Give back, word for word, the lines in the listing below from the one holding "Turquoise Glazed Vase" down to the one holding "Joven Chica Hermosa", both ends included.

── AVAILABLE DATA

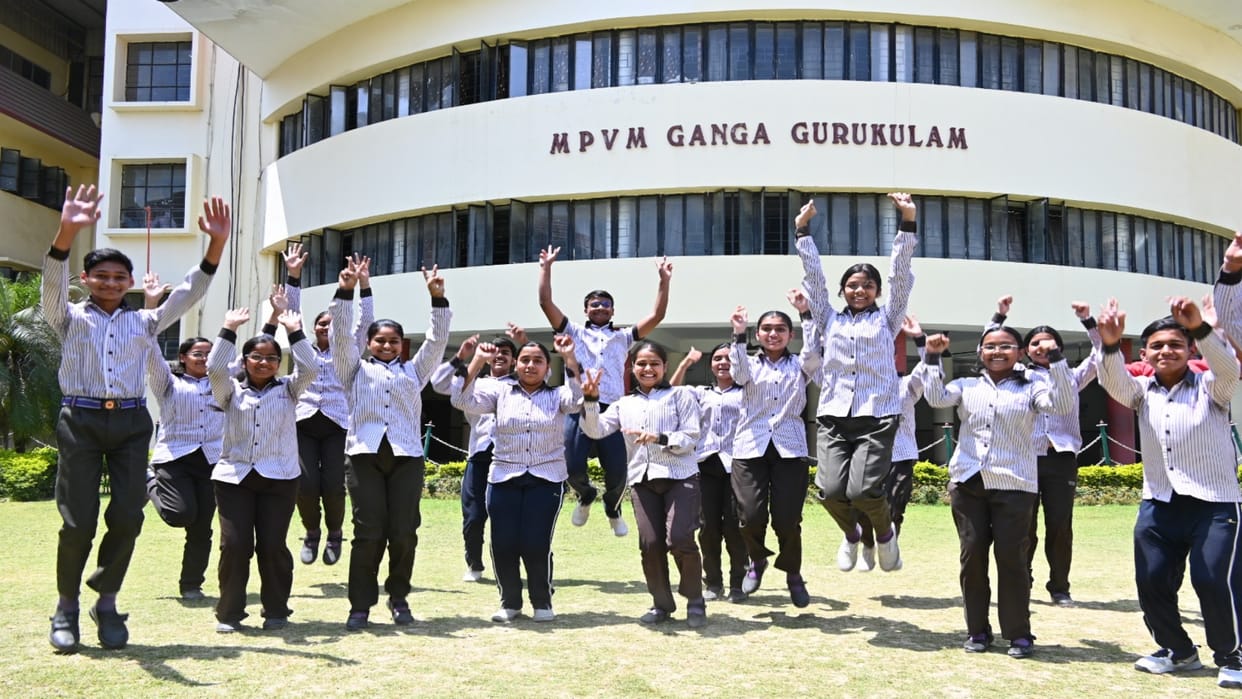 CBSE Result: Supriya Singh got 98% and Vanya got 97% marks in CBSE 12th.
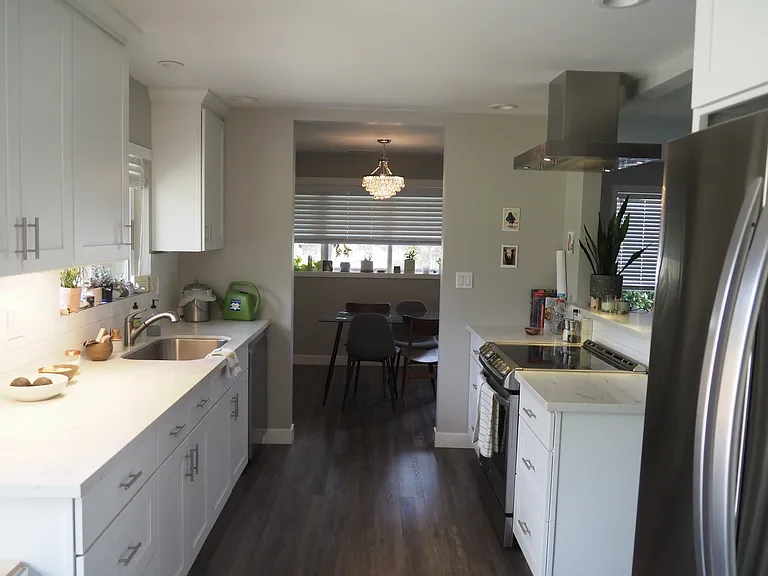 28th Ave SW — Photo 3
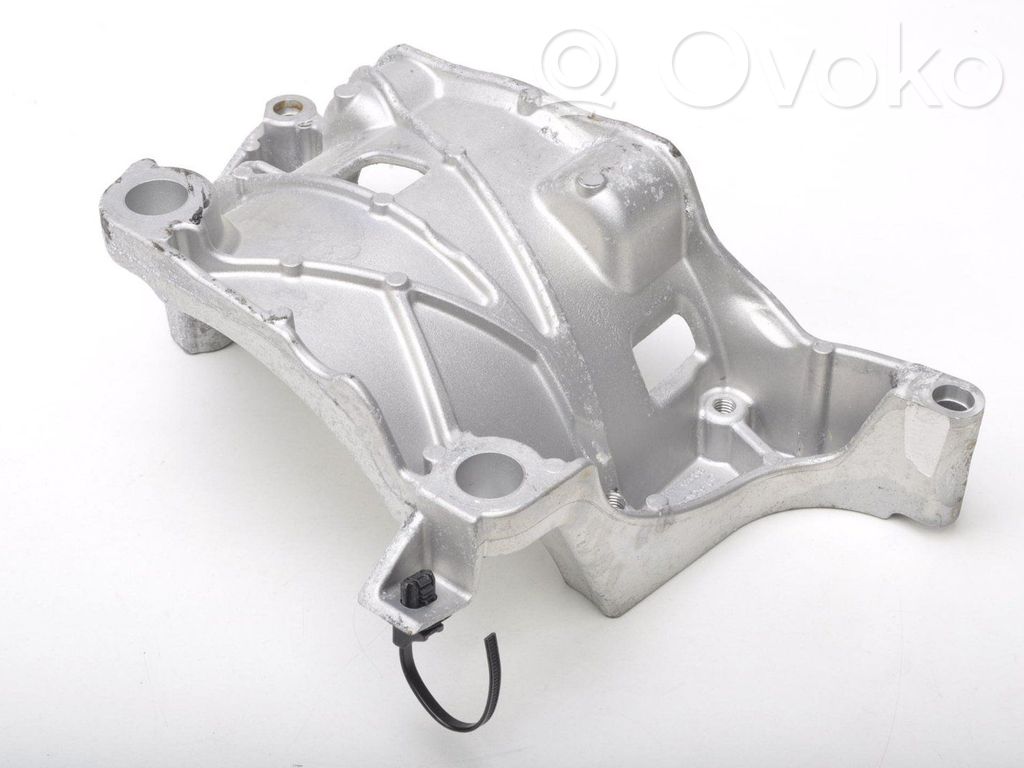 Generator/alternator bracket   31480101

────
── AVAILABLE DATA

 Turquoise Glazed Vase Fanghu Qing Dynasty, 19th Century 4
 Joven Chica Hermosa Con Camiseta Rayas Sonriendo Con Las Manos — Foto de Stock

────

SOLUTION FOR THIS PROBLEM:
 Turquoise Glazed Vase Fanghu Qing Dynasty, 19th Century 4
 Joven Chica Hermosa Con Camiseta Rayas Sonriendo Con Las Manos — Foto de Stock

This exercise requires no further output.